Find the lines below in which the string "with" occurs. Copy each one.

Record excerpts:
********

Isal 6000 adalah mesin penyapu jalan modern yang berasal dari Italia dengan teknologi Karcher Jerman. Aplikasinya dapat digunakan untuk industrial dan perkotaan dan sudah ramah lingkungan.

********

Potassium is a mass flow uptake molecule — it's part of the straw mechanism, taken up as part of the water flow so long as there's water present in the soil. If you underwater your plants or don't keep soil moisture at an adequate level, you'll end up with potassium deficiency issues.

********

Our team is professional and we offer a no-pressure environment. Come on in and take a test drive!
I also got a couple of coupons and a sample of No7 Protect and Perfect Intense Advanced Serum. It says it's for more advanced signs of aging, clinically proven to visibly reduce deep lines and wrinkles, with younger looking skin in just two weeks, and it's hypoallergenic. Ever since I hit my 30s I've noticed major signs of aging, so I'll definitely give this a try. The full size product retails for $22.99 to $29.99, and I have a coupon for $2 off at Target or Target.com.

********

Response to the exercise:
Potassium is a mass flow uptake molecule — it's part of the straw mechanism, taken up as part of the water flow so long as there's water present in the soil. If you underwater your plants or don't keep soil moisture at an adequate level, you'll end up with potassium deficiency issues.
I also got a couple of coupons and a sample of No7 Protect and Perfect Intense Advanced Serum. It says it's for more advanced signs of aging, clinically proven to visibly reduce deep lines and wrinkles, with younger looking skin in just two weeks, and it's hypoallergenic. Ever since I hit my 30s I've noticed major signs of aging, so I'll definitely give this a try. The full size product retails for $22.99 to $29.99, and I have a coupon for $2 off at Target or Target.com.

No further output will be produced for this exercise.